Gister was de dag waarvan we allemaal wisten dat-ie ging komen. Kans van 0% dat u het Corona-nieuws gemist heeft. En dan blijkt de beste Brabander ook nog eens carnaval gevierd te hebben op zo’n 20 km afstand van u. Kans van 50% dat u zich zorgen maakt. Terecht of niet echt?
De directe familieleden van patiënt 1 zullen inmiddels wel in thuisquarantaine zitten. Maar hoe gaat dat nu eigenlijk verder met zo’n contactonderzoek? De man heeft waarschijnlijk met vijf piraten, acht boeven en drie kikkers staan kletsen eerder deze week. En wat nu als zijn buurman of kind mijn collega is? Aangezien Obama en ieder ander willekeurig mens op aarde maar zes stappen van ons verwijderd zijn, kan ik me niet voorstellen dat de GGD überhaupt aan tweedelijns contacten toekomt. Maar ho. Stop. Wij zullen niet panieken, zeggen de instanties.

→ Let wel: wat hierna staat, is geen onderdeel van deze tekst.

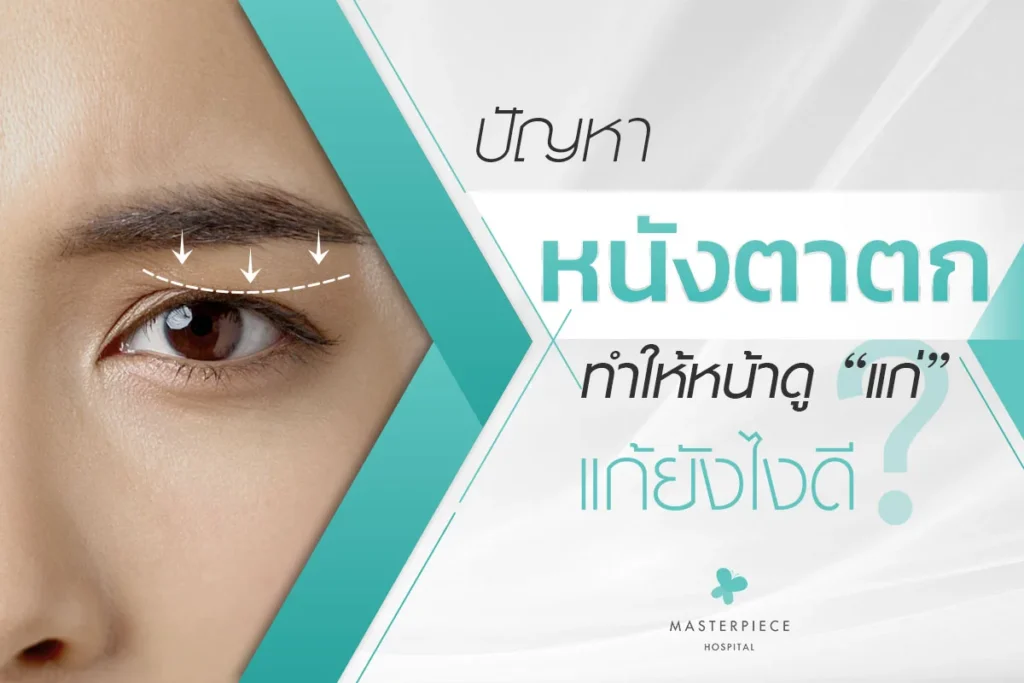 眼皮下垂问题怎么解决才能看起来年轻?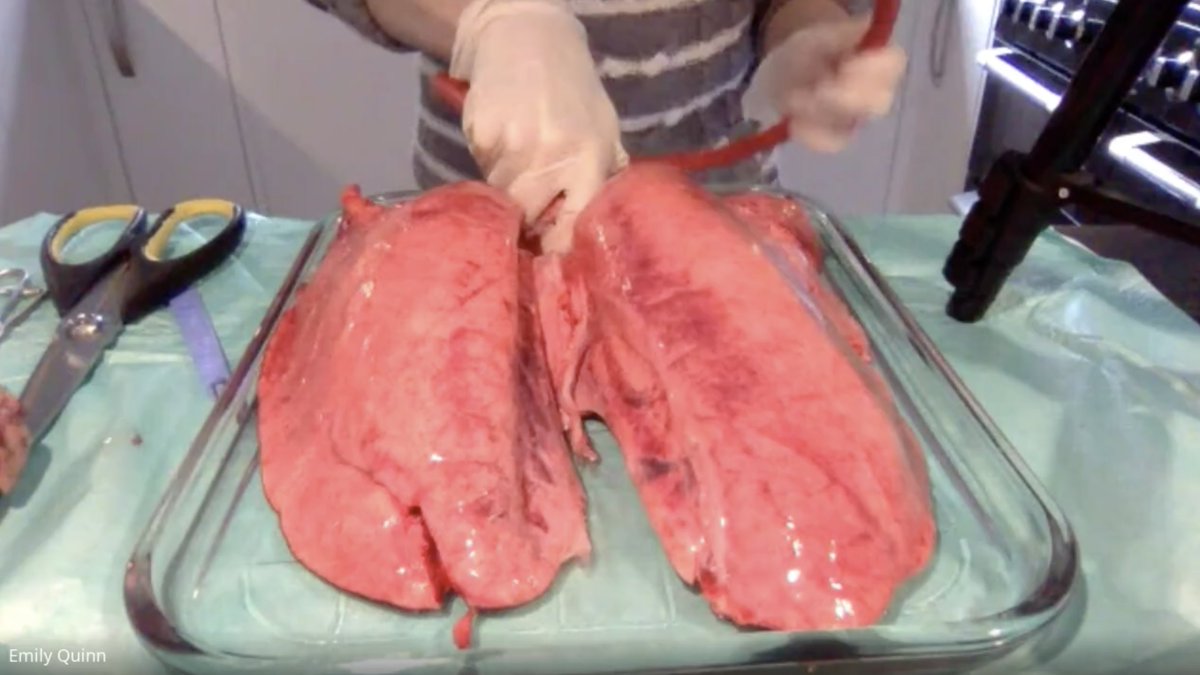 ScienceBHGirls's tweet photo. Who says lockdown has to stop practicals?! Remote lung dissection with Year 7s. More of a challenge without a scalpel but Scientists can always find a solution! https://t.co/oFZ3lnNAAn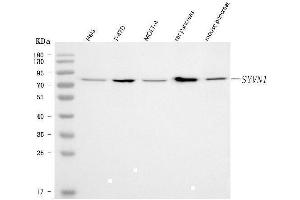 Western blot analysis of HRD1/SYVN1 using anti-HRD1/SYVN1 antibody (ABIN7602291).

Gelukkig lijken mijn kinderen na vijf dagen carnavallen in korte broek – met slaapgebrek en frikadellen als brandstof – nog topfit. Met hun weerstand zal het dus wel goed zitten. Massaal hamsteren? Mijn jongste wijsmaken dat hij gezond blijft als hij broccoli eet? Doe ik bij een ‘normale’ griepepidemie ook niet. Maar zullen we wél even wat afspreken met z’n allen? Bijvoorbeeld dat we niet gaan werken, trainen, shoppen, feesten en macrameeën als we ons grieperig voelen. En dat we ons hoestende kind niet gedrogeerd naar school sturen, ook niet als we zelf nét die dag de allerbelangrijkste hier-hangt-alles-van-af-afspraak van het jaar hebben.
Zo, dat is eruit. Tijd om onze zorgen om te zetten in kansen. Voor één keer hoeven we ons niet schuldig te voelen als we door één kuchje de baas of juf afbellen en Netflix voorrang geven. Ik voorspel vooral een bankhangepidemie onder werknemers en schoolzieken. En hoop dat de kans dat ik gelijk krijg heel groot is.